Merran notes that faster processing enables a more sophisticated level of engagement and better outcomes for users.

“As this way of execution evolves, my sense is that we become a little bit less commoditised in Europe and a bit more bespoke,” he says. “It might sound counterintuitive, but that might add liquidity. A single bond axe becomes an axe PT. Clients and dealers work together to construct it.”

Lewis Toomey

When are you trading?

The final issue is exactly when a trade is conducted. Month end is the busiest period of activity for inflows, outflows and rebalancing, which impacts the level of liquidity that is available.

“There are lots of orders at month end, as asset managers are taking more mandates on from their side and ramping up certain funds, and they won’t run everything through an RFQ,” says Toomey. “With portfolio trading, they know they’re guaranteed to get the execution done efficiently and extremely quickly. Where in the past this took days to complete using spreadsheets and constant negotiation between multiple counterparts on email, it’s actually a matter of minutes now.”

Angela Lobo
Angela Lobo, head of eSales & Sales COO at Jefferies.

Angela Lobo, head of eSales & Sales COO at Jefferies, says this can also create bottlenecks for some sell-side firms, and consultation around execution can really help buy-side desks assess how to navigate this period.

“PT flow comes in waves, and often hits dealers’ gross balance sheet constraints,” she says. “It’s not unusual at all that in the last three days of the month or the quarter, you start seeing large variance in pricing and inconsistency in dealers, hit rates. Advising clients on trading throughout the month should mitigate that roadblock.”

Close work with dealers and strong pre-trade analytics are both necessary to optimise PT use when it is viable, says Gibson.

“We have our own internal model where we estimate what trades are going to cost us based on the DV01 and the underlying security, and trade information,” she says. “We also use MarketAxess’s CP+ pricing model that uses historical data and has an AI component.

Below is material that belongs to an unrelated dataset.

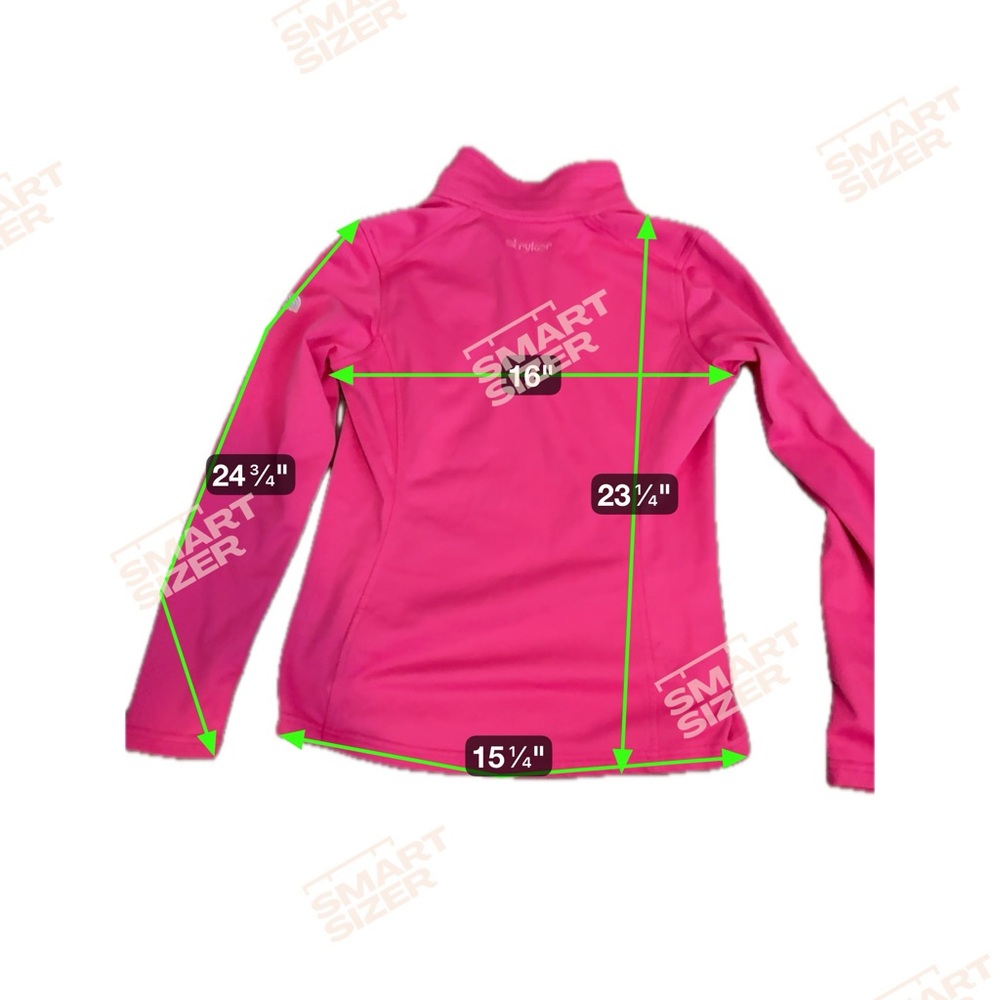 The North Face Stryker Medical Fuchsia Half-Zip Top - Picture 6 of 6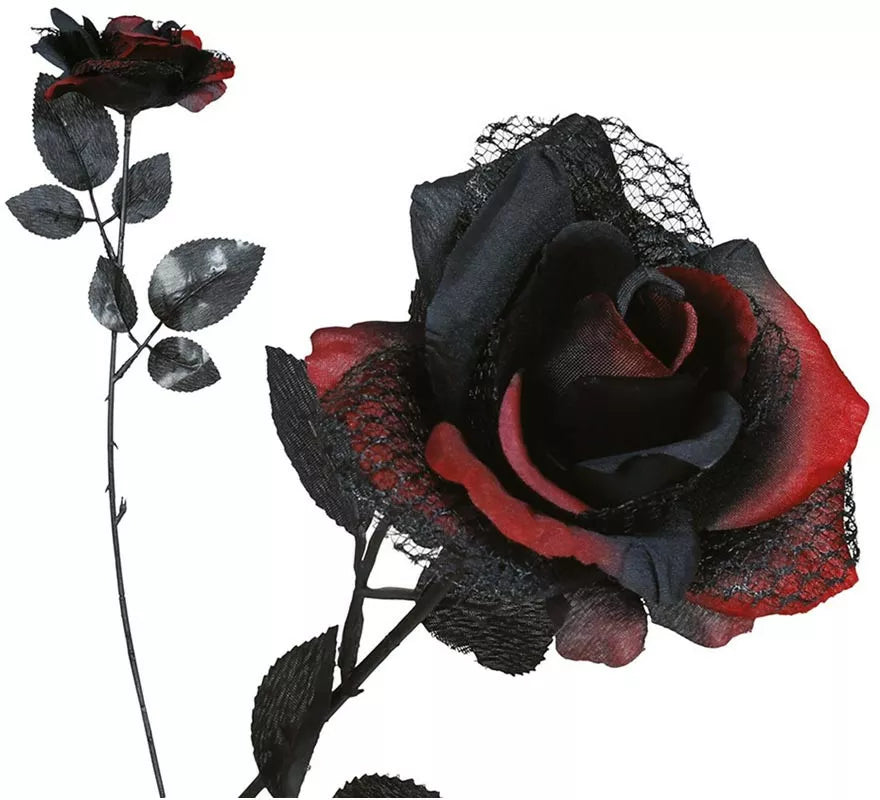 Translation missing: es.Flor Roja y Negra 40 cm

Between them both they are really effective in normal market conditions.”

Looking at clear-cut use cases, for traders trying to achieve certainty of execution, and getting everything done at once, portfolio trading seems to make the most sense. If the pricing of a single bond is key it may make more sense to trade via an RFQ.

“It also could depend on what funds you’re trading for, and what you’re trying to achieve for those funds,” notes Conlin. “Oftentimes we get clients who need to achieve a certain weighted average yield, or achieve a certain net proceeds, because they’re trying to raise money for an account, and need to make sure they raise exactly that net proceeds amount. Most of the time, people will do that in a portfolio trade, because you’re getting these aggregate level stats at the top.”